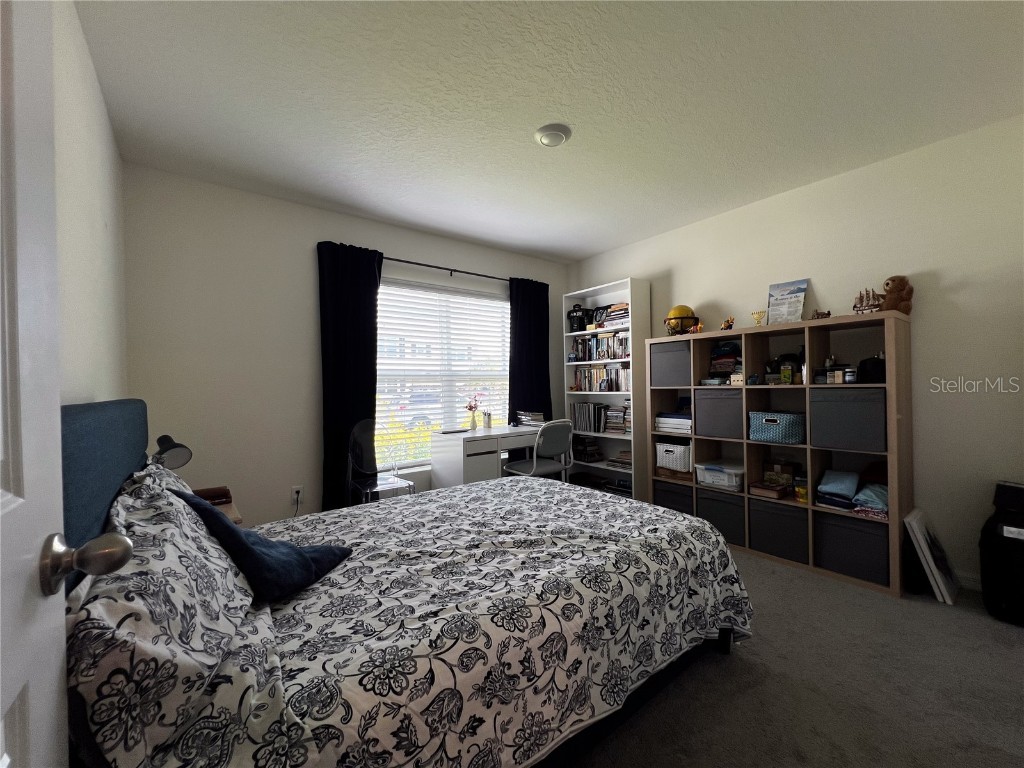 10634 Chippewa Drive Parrish FL 34219 TB8450511 image29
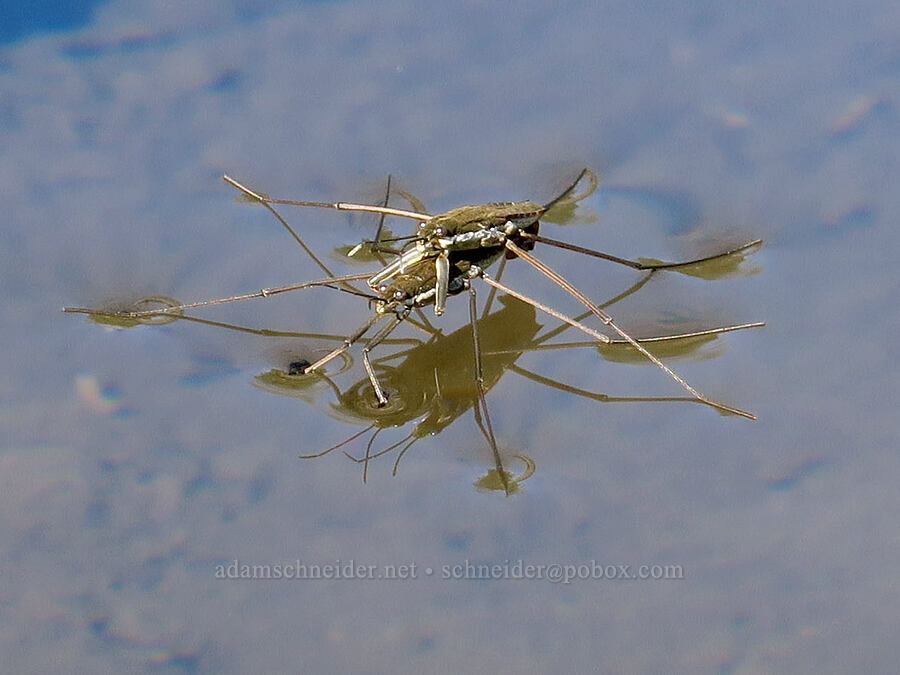 pair of water striders (Aquarius remigis (Gerris remigis)) [Hunter Creek Bog ACEC, Curry County, Oregon]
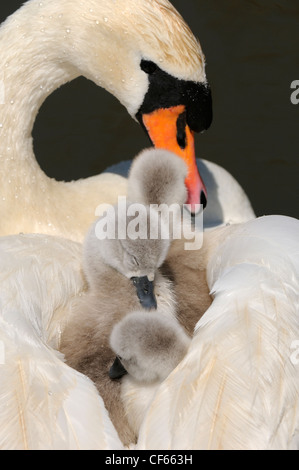 Schwan (Cygnus Olor) Cygnets auf Mutter zurück in Abbotsbury Swannery stumm. Stockfoto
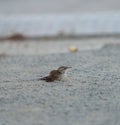 Marsh Wren resting on the ground Royalty Free Stock Photo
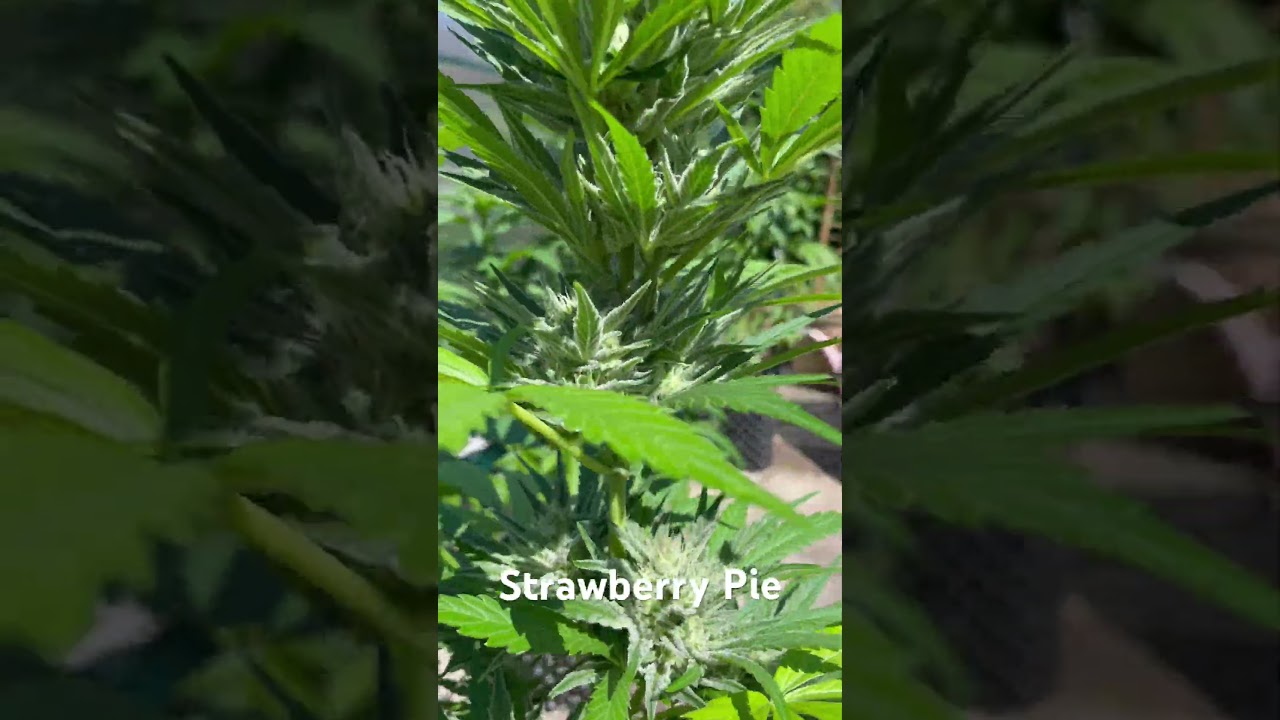 Strawberry Pie Auto Fastbuds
────────────────────
## What to do
Beginning with the line that holds "Marsh Wren resting", write out exactly the lines down to the end of the material above, and no others. Pictures are not part of the copy.

## Exercise answer
 Marsh Wren resting on the ground Royalty Free Stock Photo
 Strawberry Pie Auto Fastbuds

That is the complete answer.